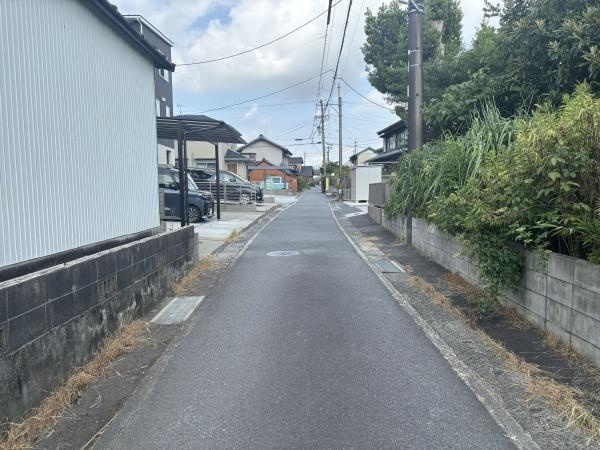 幸田町深溝・中古戸建の前面道路含む現地写真|前面道路です。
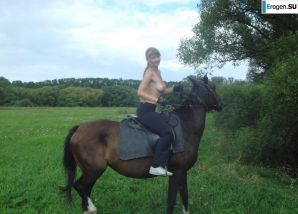 Rider. Thumbnail 4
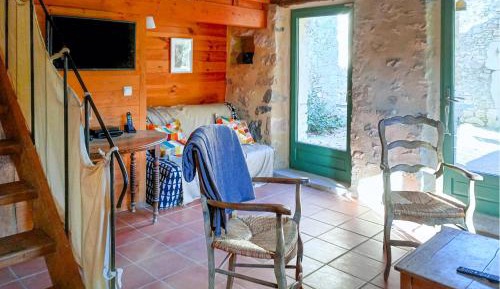 Two-Bedroom Holiday Home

● What to do
Every line above should be retyped exactly; the pictures do not belong in the copy.

● Answer to this exercise
 幸田町深溝・中古戸建の前面道路含む現地写真|前面道路です。
 Rider. Thumbnail 4
 Two-Bedroom Holiday Home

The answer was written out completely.